Harley-Davidson began construction of the Harley-Davidson Museum in Milwaukee on June 1 by having dirt track racer Scott Parker break ground with a burnout on a XL 883R Sportster.
Held on the 20-acre parcel of land destined to hold the museum at 6th and Canal streets, the groundbreaking ceremony attracted a number of guests, including state and local government officials, representatives of Harley-Davidson riders, dealers, suppliers and employees, current and past company executives, and local business and community leaders.
“With over 100 years and millions of motorcycles behind us, Harley-Davidson has a rich history, an exciting present and a vibrant future,” said Jim Ziemer, CEO of Harley-Davidson, Inc. “In the years to come, the Harley-Davidson Museum will be a centerpiece of the Harley-Davidson experience.
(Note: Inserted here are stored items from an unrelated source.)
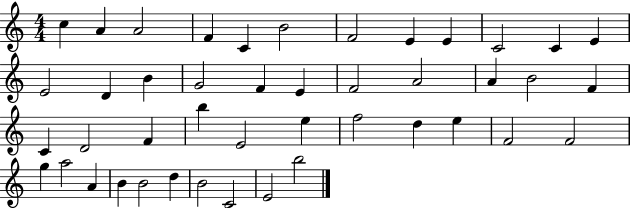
C5/q A4/q A4/h F4/q C4/q B4/h F4/h E4/q E4/q C4/h C4/q E4/q E4/h D4/q B4/q G4/h F4/q E4/q F4/h A4/h A4/q B4/h F4/q C4/q D4/h F4/q B5/q E4/h E5/q F5/h D5/q E5/q F4/h F4/h G5/q A5/h A4/q B4/q B4/h D5/q B4/h C4/h E4/h B5/h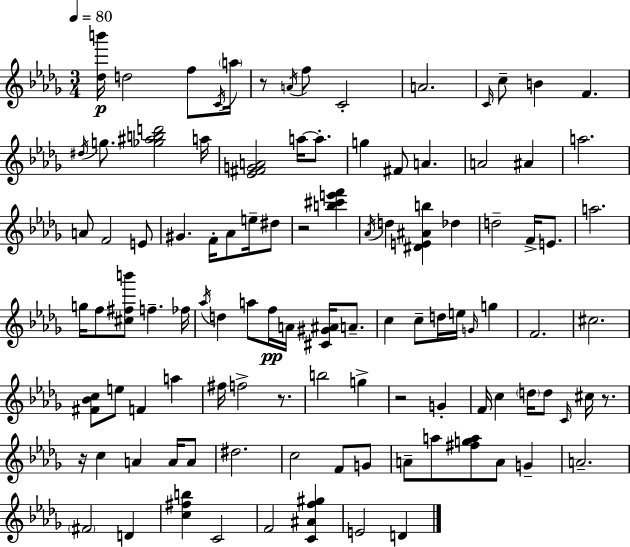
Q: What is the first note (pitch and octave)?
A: D5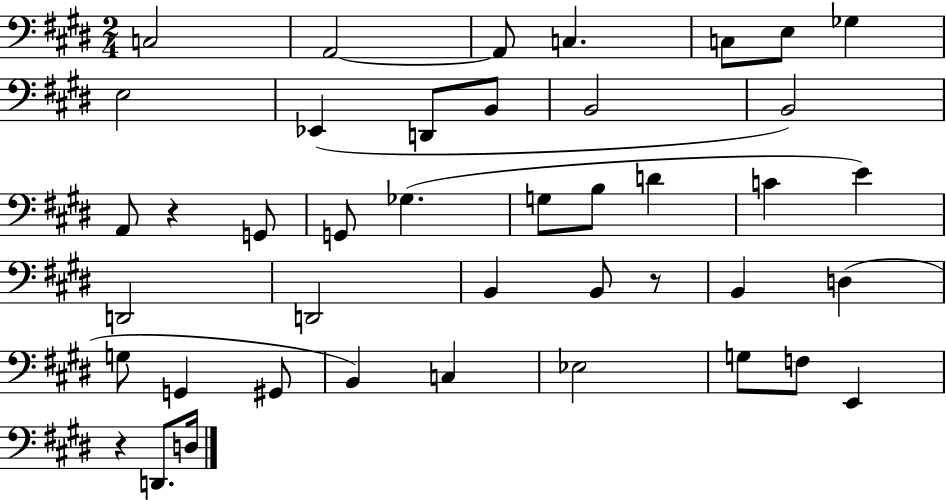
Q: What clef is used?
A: bass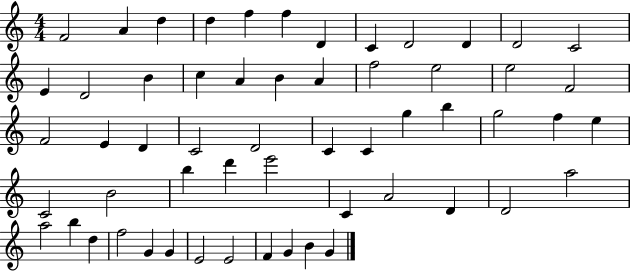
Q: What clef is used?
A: treble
Today’s groundbreaking ceremony was a unique way for us to kick off the museum’s construction.”
Anticipated to open in 2008, the 130,000 square foot museum development will feature exhibit space as well as a restaurant, café, retail shop, meeting space, special events facilities and the company’s archives. Harley-Davidson officials say they expect 350,000 visitors annually from around the world.
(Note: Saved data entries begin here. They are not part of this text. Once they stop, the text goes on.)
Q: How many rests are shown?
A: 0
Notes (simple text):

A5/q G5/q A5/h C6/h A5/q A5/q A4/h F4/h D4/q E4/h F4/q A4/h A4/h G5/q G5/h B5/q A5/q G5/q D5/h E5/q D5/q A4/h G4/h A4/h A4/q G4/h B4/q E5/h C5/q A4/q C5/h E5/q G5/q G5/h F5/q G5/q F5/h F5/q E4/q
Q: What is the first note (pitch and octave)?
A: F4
“The Harley-Davidson Museum will showcase the unforgettable collection of motorcycles and historical items from our company’s vast archives,” said Stacey Watson, Harley-Davidson Museum director. “But even more importantly, it will celebrate the history of the company, the passion of the riders, and the stories of the employees, dealers and suppliers. These varied and fascinating stories are woven into the fabric of Harley-Davidson, shaping the legend and setting the stage for a bright future.”
The facility’s development will result in an estimated 500 on-site construction jobs. An estimated 70 full-time jobs will be created to staff the museum.
The Harley-Davidson Museum’s design architect is Pentagram of New York.